C. MONSPELIENSIS (South of Europe, 1656), and its variety C. monspeliensis florentinus, the former with white, and the latter with white and yellow flowers, are fairly hardy in the milder parts of Britain, but cannot be recommended for general planting.
C. PURPUREUS.—Purple-flowered Cistas. In this species, which may rank next to the latter in point of hardihood, the flowers are of a deep reddish-purple, and with a darker blotch at the base of each petal.
C. SALVIFOLIUS is of loose and rather untidy growth, with rugose leaves and white flowers. It is very variable in character, and the form generally cultivated grows about 4 feet high, and has ovate-lanceolate, almost glabrous leaves.
Other species that are occasionally to be found in collections are C. creticus, with yellow and purple flowers; C. hirsutus, white with yellow blotches at the base of the petals; and C. Clusii, with very large pure-white flowers. All the species of Gum Cistus, or Rock Rose as they are very appropriately named, will be found to succeed best when planted in exalted positions, and among light, though rich, strong soil. They are easy of propagation.
CITRUS TRIFOLIATA.—Japan, 1869. This is a singular low-growing shrub, with ternate leaves, spiny branches, and fragrant white flowers. It is hardy in many English situations, but does not fruit freely, although the orange-blossom-like flowers are produced very abundantly. A pretty little glossy-leaved shrub that is well worthy of attention, particularly where a cosy corner can be put aside for its cultivation.

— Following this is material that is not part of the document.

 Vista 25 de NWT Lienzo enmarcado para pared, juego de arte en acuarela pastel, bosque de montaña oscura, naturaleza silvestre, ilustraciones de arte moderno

CLADRASTIS AMURENSIS.—Amoor Yellow Wood. Amur, 1880. This is a shrub that is sure to be extensively cultivated when better known, and more readily procured. It has stood uninjured for several years in various parts of England, so that its hardihood may be taken for granted. The pretty olive-green of the bark, and the greyish-green of the leathery leaves, render the shrub one of interest even in a flowerless state. In July and August the dense spikes of white, or rather yellowish-white flowers are produced freely, and that, too, even before the shrub has attained to a height of 2 feet. It is well worthy of extended culture.
C. TINCTORIA (syn C. lutea and Virgilia lutea).—Yellow Wood. North America, 1812. This is a handsome deciduous tree that does well in many parts of the country, and is valued for the rich profusion of white flowers produced, and which are well set-off by the finely-cut pinnate leaves. It is a valuable tree for park and lawn planting, requiring a warm, dry soil, and sunny situation—conditions under which the wood becomes well-ripened, and the flowers more freely produced.